Understanding SmartArrays

From a programmer's point of view, SmartArrays is all of the following:

From a software architecture perspective, SmartArrays consists of an array engine and wrapper classes for using that engine with an object-oriented programming language. The SmartArrays array engine is packaged as a dynamic link library (DLL) under Windows or as a shared object library under Linux and Unix. It performs all the work of allocating memory to hold arrays, storing data in the arrays, and performing operations on those arrays.

The SmartArrays wrapper classes provide an object model for working with data. These classes are provided for different languages, with each version implementing the same set of array methods.

The different language interfaces all use the same array engine executable library.

The SmartArrays classes are consistent across different language wrappers. This means that code that uses SmartArrays objects is highly portable. Algorithms expressed as array operations are almost identical in all the supported languages. This allows a data-intensive application written in Java to be readily translated to C#. The only code changes needed are those compelled by syntactic differences of the languages themselves.

Because all the various SmartArrays Developer Kits use exactly the same executable component, performance is consistent across languages. Therefore, data-intensive algorithms will provide essentially identical performance, no matter which language you choose. Debates about the speed differences of different languages are largely moot for applications based on SmartArrays. Instead, you can expect consistent performance no matter which language you use.

Virtual Databases

Most applications of SmartArrays are built around the virtual database classes provided in the SmartArrays data management toolkit.  These classes provide a framework for structuring analytical data in a form that resembles the tables and columns of a relational database.  Other classes provide a variety of analytical data manipulations and calculations on bulk data.  Tools also exist to import bulk data from external databases into SmartArrays data objects.

Array Thinking

Most programmers are able to build SmartArrays-based programs quickly and master the syntax and the most commonly used array operations in a few days. But if you have not worked with an array-oriented approach before, you will probably find that it takes longer than that to become fluent in array-oriented thinking. This is to be expected -- you're stretching your mind around a new paradigm.
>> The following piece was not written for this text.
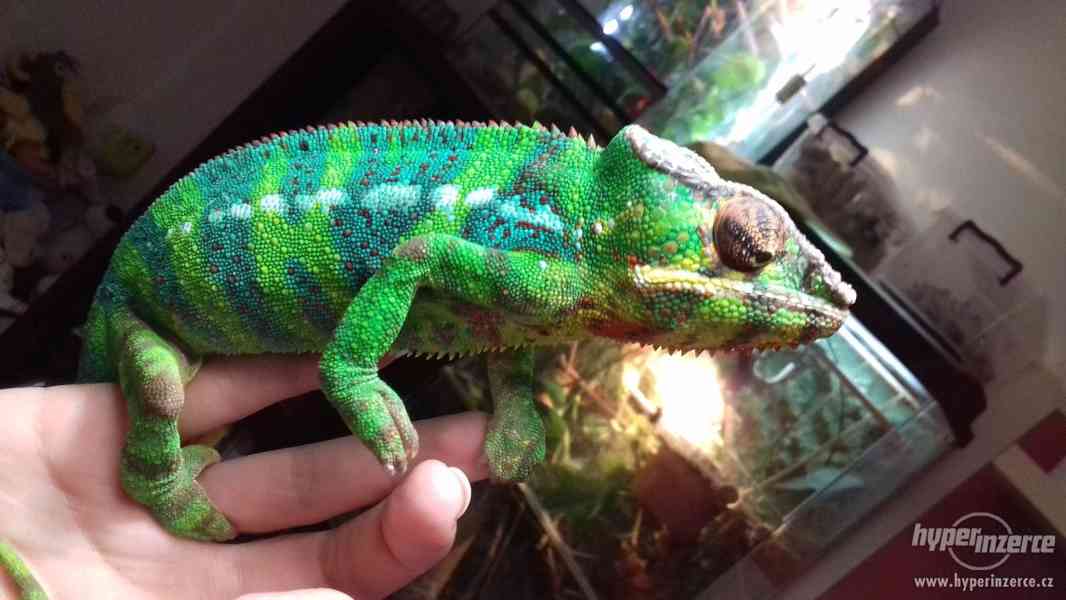 Chameleon - Furcifer pardalis - Ambilobe - foto 8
If you are old enough to remember the days before object-oriented programming, you will understand that it takes a little time for a new way of thinking about algorithms to settle in. When you learned your first object-oriented language, you probably had to make a conscious effort to express your ideas in an object model. With time, you probably found that thinking in objects became second nature and that you automatically tackled new problems by thinking in terms of classes and objects.
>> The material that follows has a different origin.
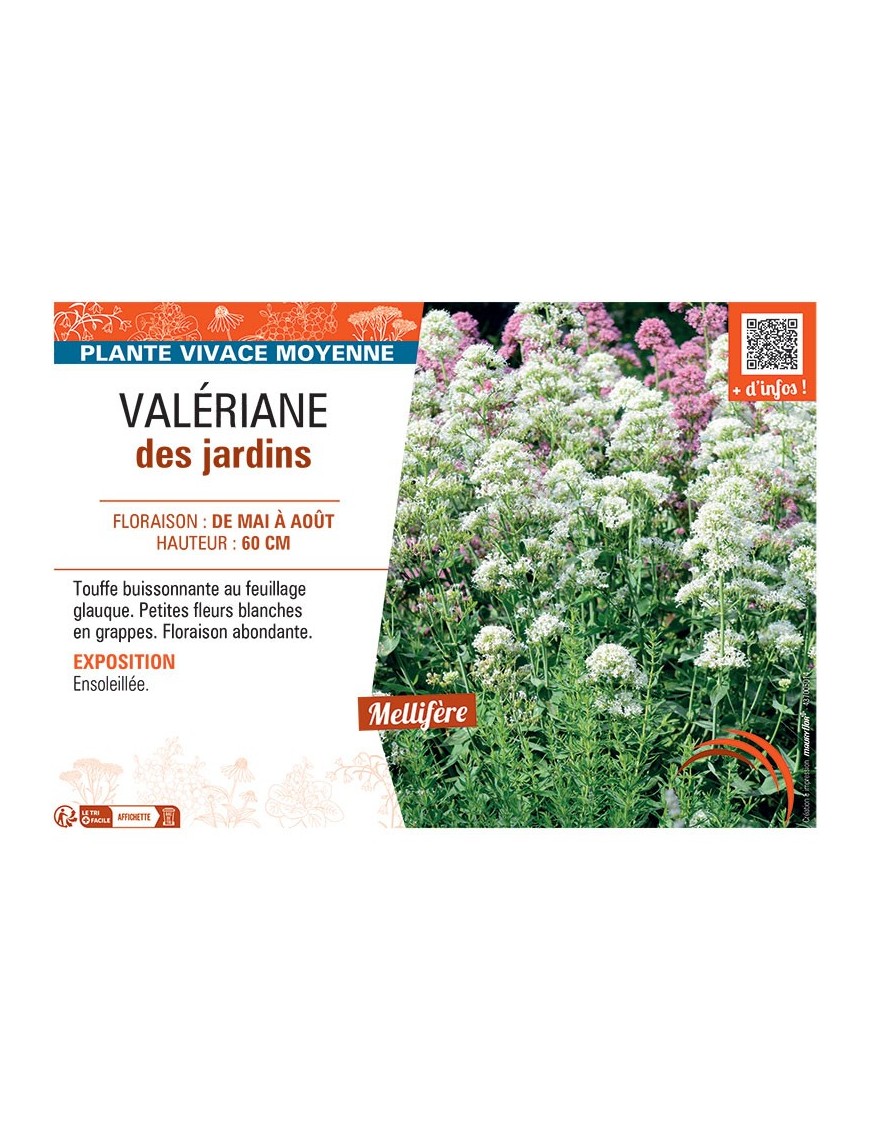 VALERIANE DES JARDINS (blanche)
Array programming is a similar conceptual shift. As you learn the vocabulary of array operations and practice putting them to use, you will find that it gets easier and easier. You will visualize collections of data as arrays and algorithms as sequences of array operations. With practice, thinking in an array model will become second nature, like thinking in an object model. At this point you will find that you can develop fast, data-intensive programs very rapidly, writing a few lines of code in minutes that might have taken pages of code and days of work before SmartArrays.

Array Programming

The first and essential concept to grasp with programming with SmartArrays is that there is only one array class: SmArray. Every array is an instance of SmArray, no matter how large or small, how simple or complex its structure, or what kind of data it holds.

Class SmArray provides a large vocabulary of array methods. Most of these methods follow a consistent pattern of syntax: they operate on the array object, perhaps taking other arrays as arguments, and return a new array object as their result. 
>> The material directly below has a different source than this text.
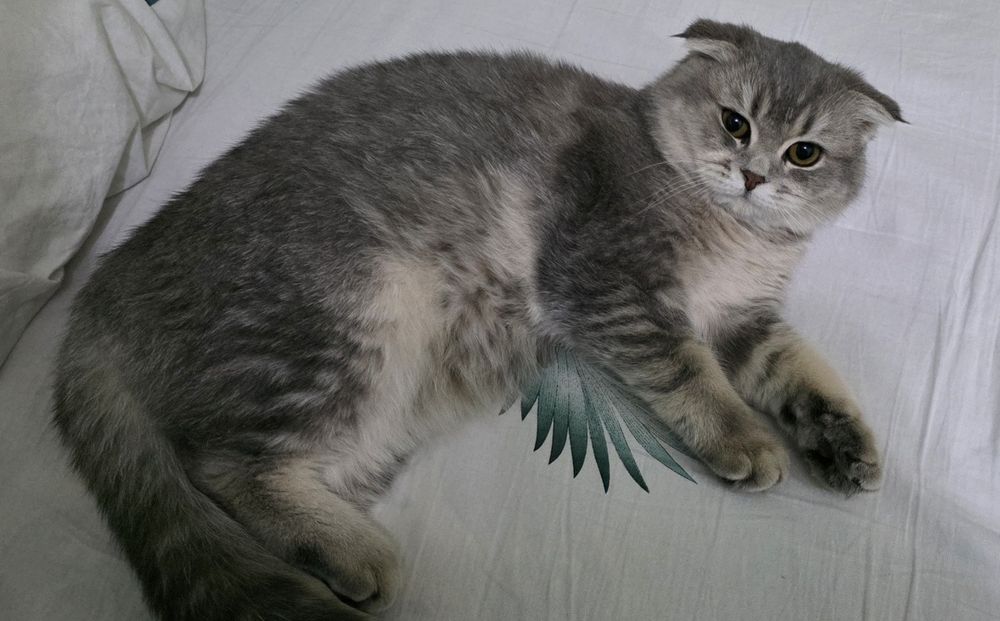 Prodayotsya Chistakrovniy paren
The metadata about an array - its shape and type - are stored inside the array itself. This allows a great deal of flexibility in working with arrays. Your program can, for example, express a calculation as operations on numbers without concern for the internal representation. SmartArrays will automatically select an internal type for data that holds the answer correctly. Similarly, SmartArrays automatically enforces array bounds and conformability, producing an appropriate exception instead of a more serious failure.

Because all SmartArrays objects are of the same class, any array can in principle interoperate with any other array. This provides one of the key benefits to working with SmartArrays - the ability to take data from different sources, put it all on an equal footing, and make it work together.

The data management tookit classes are all built using SmArray objects as their data containers.

Array Data

SmartArrays defines exactly three conceptual data types - number, character, and string - though it uses a wider variety of internal data representations. As far as array operations are concerned, you need not be concerned with issues of data representation. Instead, you can concentrate on the computation being performed and let SmartArrays select the appropriate internal data representation. Most programming languages and databases require a numeric variable to be declared as boolean, integer or real; with SmartArrays, a number is a number. If a number is integral and not too large, it will be stored as a 32-bit integer. If a value computed in an array is too large to fit in an integer field, or if it needs a fractional part, SmartArrays automatically changes the internal representation to a real number. Nothing in your program changes. This has profound implications should you ever change to a different machine architecture with different machine data types (like the emerging 64-bit architectures). It's only when you need to move data between a SmartArray and your traditional program do you need to worry about data types because you will have declared data in C++ or Java to be one of their strict data types.

The methods of SmartArrays are all array oriented. You don't build an array just so you can iterate through its items, you apply operations to whole arrays generating a whole array as the result. You write lines of code in your native language as though it were an array processing language. Thus, SmartArrays aren't designed to hold data, they are designed to crunch data.

Often a SmartArray will contain all items of the same type - all numbers or all strings. However this is not required. You can have an array that contains numbers in some positions and strings in other positions. For example, a relational table can be represented as a matrix where each column contains either all numbers or all strings.

Beyond this, a SmartArray may contain other SmartArrays. Such an array is said to be nested. Again, the value of a nested SmartArray is not just that it contains other SmartArrays but that you can compute on the array. For example, you can take a SmartArray method designed to operate on a whole array and instead apply it to each item of an array. This is the multi-dimensional analogue of control structures or iterators in your traditional code. The number of times the method is applied depends on the number of items in the array, not on controls the programmer explicitly puts into the program. This can lead to very compact programs that express some mathematical computation in not so many more characters that the mathematics itself.

Thus, well written SmartArrays programs can be quite concise. This means that programmers are more productive and perhaps more important, the programs they produce are more maintainable. - Less code is good!.